> **Try it**: Reproduce the records below exactly, with nothing altered.

> **Material for this exercise**:
====================

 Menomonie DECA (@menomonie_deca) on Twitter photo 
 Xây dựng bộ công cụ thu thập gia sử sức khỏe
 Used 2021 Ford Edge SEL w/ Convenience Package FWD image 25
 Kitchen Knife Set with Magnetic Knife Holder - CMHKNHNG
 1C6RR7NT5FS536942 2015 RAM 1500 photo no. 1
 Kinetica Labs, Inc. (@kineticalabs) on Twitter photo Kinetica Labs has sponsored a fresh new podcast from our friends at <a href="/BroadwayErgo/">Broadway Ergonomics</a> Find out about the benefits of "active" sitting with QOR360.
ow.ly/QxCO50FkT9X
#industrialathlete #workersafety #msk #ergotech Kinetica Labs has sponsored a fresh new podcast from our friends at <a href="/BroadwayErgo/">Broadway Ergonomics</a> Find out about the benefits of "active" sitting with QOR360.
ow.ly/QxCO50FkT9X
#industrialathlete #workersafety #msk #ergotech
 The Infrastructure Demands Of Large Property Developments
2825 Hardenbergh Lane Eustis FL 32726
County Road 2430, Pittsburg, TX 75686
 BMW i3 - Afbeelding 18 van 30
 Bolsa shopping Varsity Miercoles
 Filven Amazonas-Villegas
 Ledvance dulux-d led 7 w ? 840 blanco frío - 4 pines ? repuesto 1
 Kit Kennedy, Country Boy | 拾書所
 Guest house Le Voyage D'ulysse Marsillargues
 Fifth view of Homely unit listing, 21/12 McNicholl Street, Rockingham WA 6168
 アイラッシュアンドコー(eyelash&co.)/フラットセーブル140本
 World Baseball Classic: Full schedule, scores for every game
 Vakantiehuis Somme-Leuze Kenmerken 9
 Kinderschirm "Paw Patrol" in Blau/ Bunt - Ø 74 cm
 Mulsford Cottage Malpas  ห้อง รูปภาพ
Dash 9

====================

> **Output for this task**:
 Menomonie DECA (@menomonie_deca) on Twitter photo 
 Xây dựng bộ công cụ thu thập gia sử sức khỏe
 Used 2021 Ford Edge SEL w/ Convenience Package FWD image 25
 Kitchen Knife Set with Magnetic Knife Holder - CMHKNHNG
 1C6RR7NT5FS536942 2015 RAM 1500 photo no. 1
 Kinetica Labs, Inc. (@kineticalabs) on Twitter photo Kinetica Labs has sponsored a fresh new podcast from our friends at <a href="/BroadwayErgo/">Broadway Ergonomics</a> Find out about the benefits of "active" sitting with QOR360.
ow.ly/QxCO50FkT9X
#industrialathlete #workersafety #msk #ergotech Kinetica Labs has sponsored a fresh new podcast from our friends at <a href="/BroadwayErgo/">Broadway Ergonomics</a> Find out about the benefits of "active" sitting with QOR360.
ow.ly/QxCO50FkT9X
#industrialathlete #workersafety #msk #ergotech
 The Infrastructure Demands Of Large Property Developments
2825 Hardenbergh Lane Eustis FL 32726
County Road 2430, Pittsburg, TX 75686
 BMW i3 - Afbeelding 18 van 30
 Bolsa shopping Varsity Miercoles
 Filven Amazonas-Villegas
 Ledvance dulux-d led 7 w ? 840 blanco frío - 4 pines ? repuesto 1
 Kit Kennedy, Country Boy | 拾書所
 Guest house Le Voyage D'ulysse Marsillargues
 Fifth view of Homely unit listing, 21/12 McNicholl Street, Rockingham WA 6168
 アイラッシュアンドコー(eyelash&co.)/フラットセーブル140本
 World Baseball Classic: Full schedule, scores for every game
 Vakantiehuis Somme-Leuze Kenmerken 9
 Kinderschirm "Paw Patrol" in Blau/ Bunt - Ø 74 cm
 Mulsford Cottage Malpas  ห้อง รูปภาพ
Dash 9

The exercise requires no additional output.